Thanks to Bookslut for covering the poignant electoral campaign of novelist Caleb Carr, who failed to gain a seat as a County Legislator in Rennselear, New York. Carr came in last among four candidates, and I think this is sad news.
Who the hell wouldn’t vote for Caleb Carr? Who are these stiffs who beat him, and what the hell have they written lately? Caleb Carr is not just some thumbsucking postmodernist; he’s a vivid social critic whose books paint vast sympathetic canvases of diverse humanity. His Alienist invoked Jacob Riis, Teddy Roosevelt and Sigmund Freud, a potent mix of sociological influences and a sure indication that this is a guy upon whose mind the welfare of the human race weighs heavy. I think he would have made a great county legislator, and I salute him for giving it a shot.
A look back at the legacy of American writers who’ve run for office is not encouraging. Norman Mailer ran for Mayor of New York City in 1969, nine years after famously stabbing his wife at a drunken Manhattan party. He lost. Gore Vidal has run for Congress in New York and the Senate in California. He lost. Upton Sinclair ran for Governor of California in 1934. He lost.
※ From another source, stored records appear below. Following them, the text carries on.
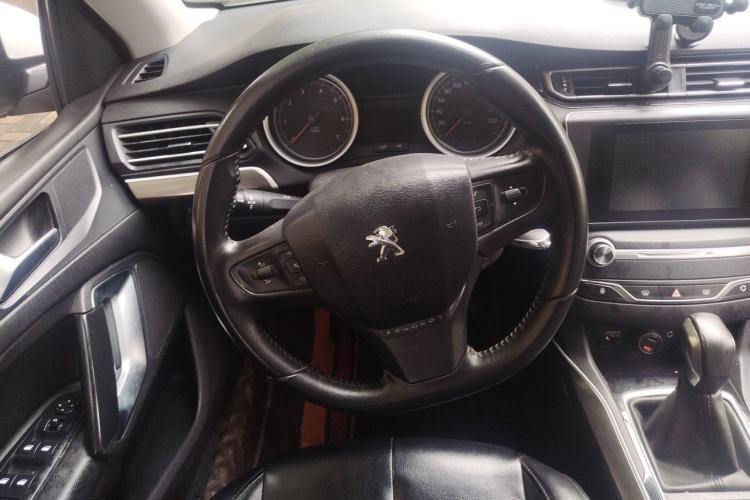 Used Peugeot 408 2014 1.8L Automatic Luxury Edition Steering Wheel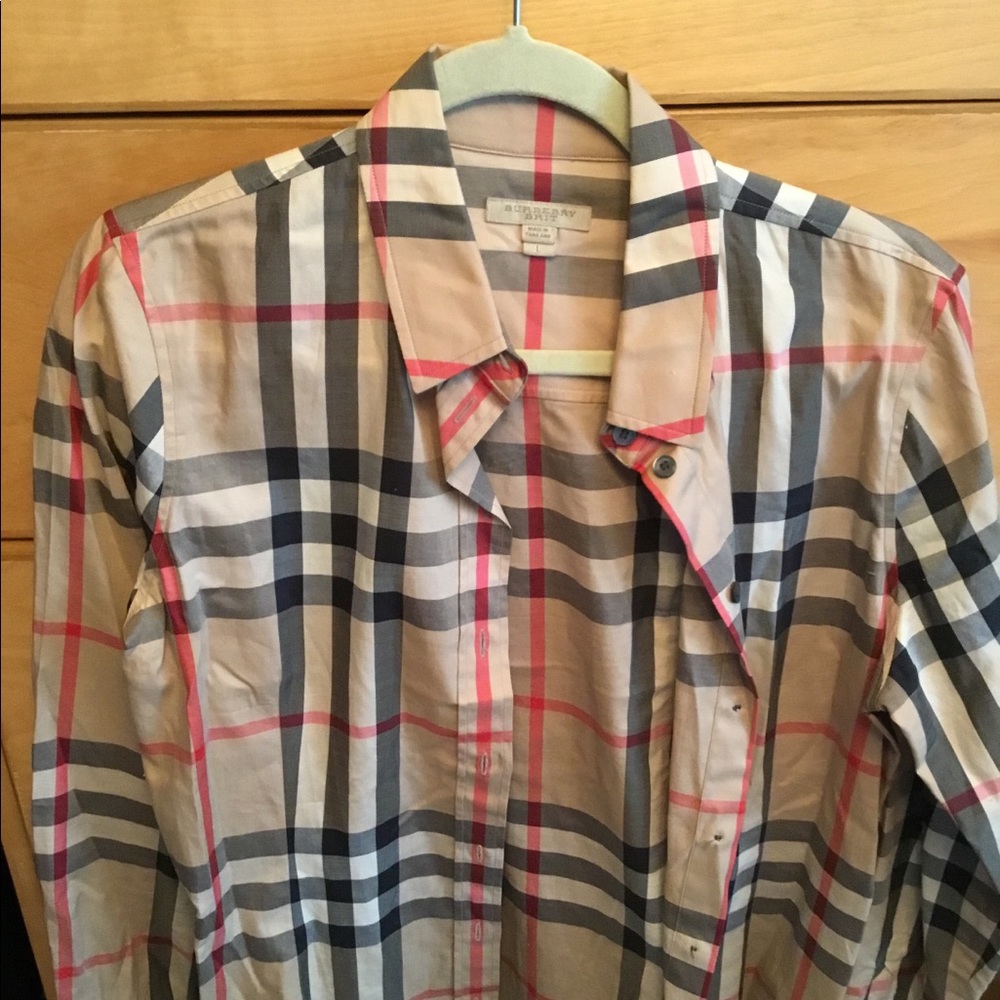 Burberry classic women’s nova check blouse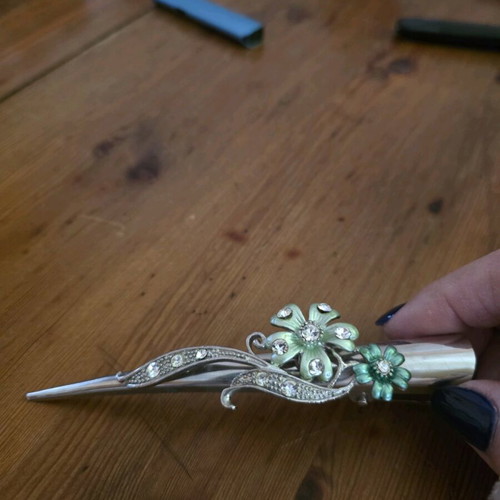 Vintage metal hair clip with flowers and rhinestones new, silver color
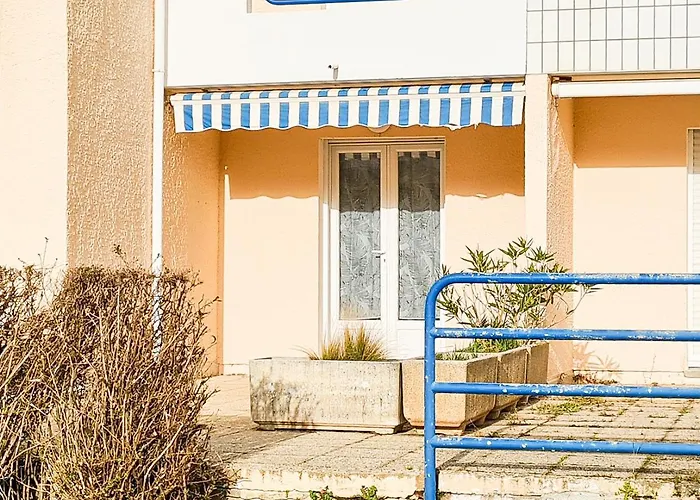 A L'ombre Des Pins, Neuf, élégant, Parking Gratuit, Netflix, Au Calme à 100m De L'océan *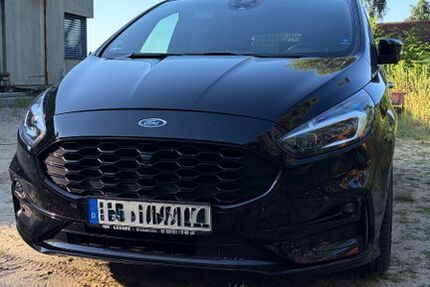 Ford S-Max 86.000 km 25.800 &euro; Krefeld 47839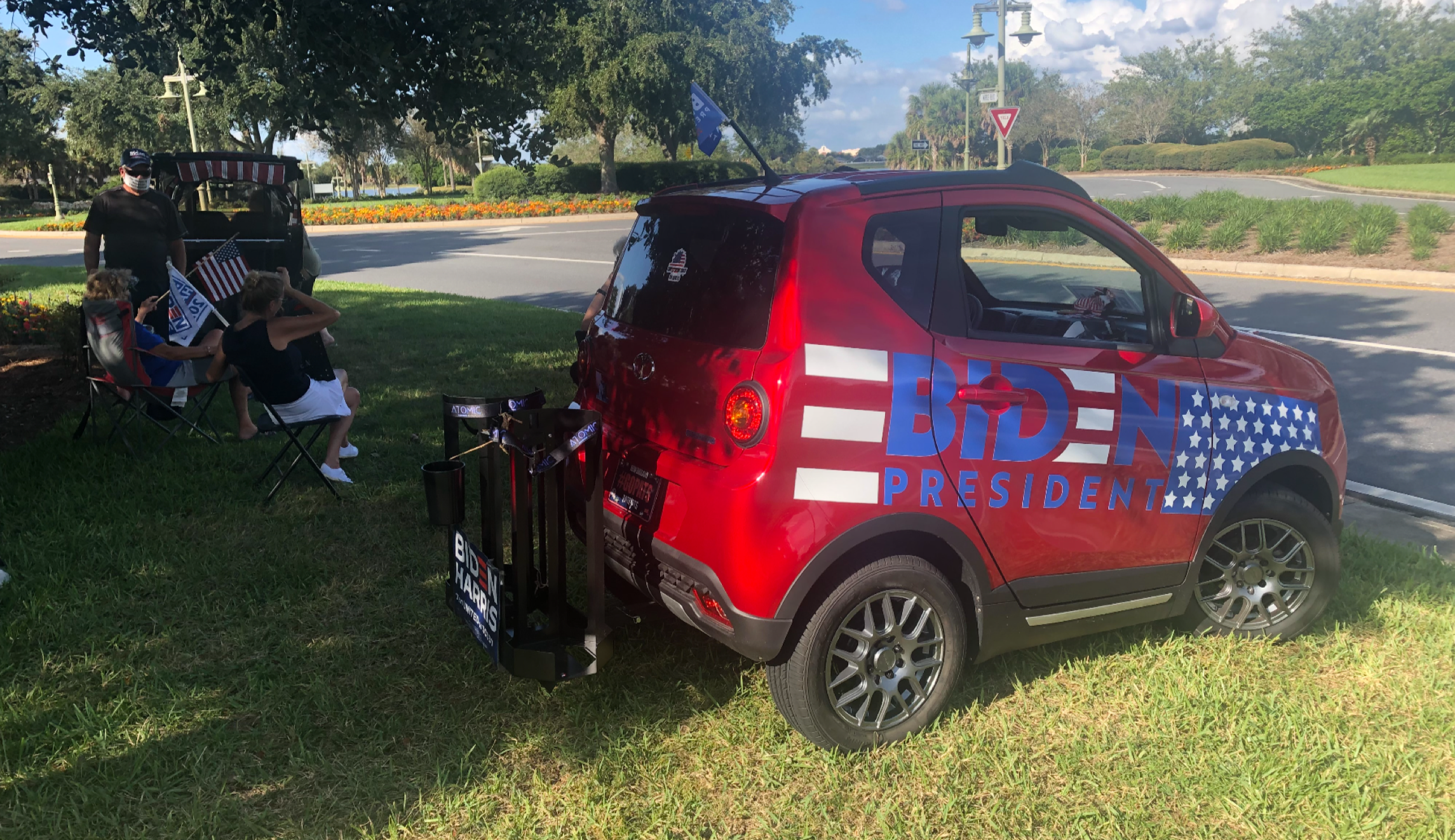 Biden golf cart.png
Around the world, the situation is different. Playwright Vaclav Havel was a successful President of Czechoslovokia during the turbulent years surrounding the fall of the Soviet Union, and was even re-elected. Novelist Maria Vargas Llosa failed to become President of Peru in 1990, but he was a serious candidate and gave the opposition a difficult race. Looking back in history, philosopher Marcus Aurelius was not only one of the best writers of his time, he was the friggin’ Emperor of Rome.
Why are American writers so unelectable? Well, it’s a fact that irony doesn’t play well on the political stage, and neither does eccentricity. There’s also the fact that the few writers who’ve tried to run for office in America add up to a pretty odd bunch of candidates. What writer would you vote or campaign for, if you could?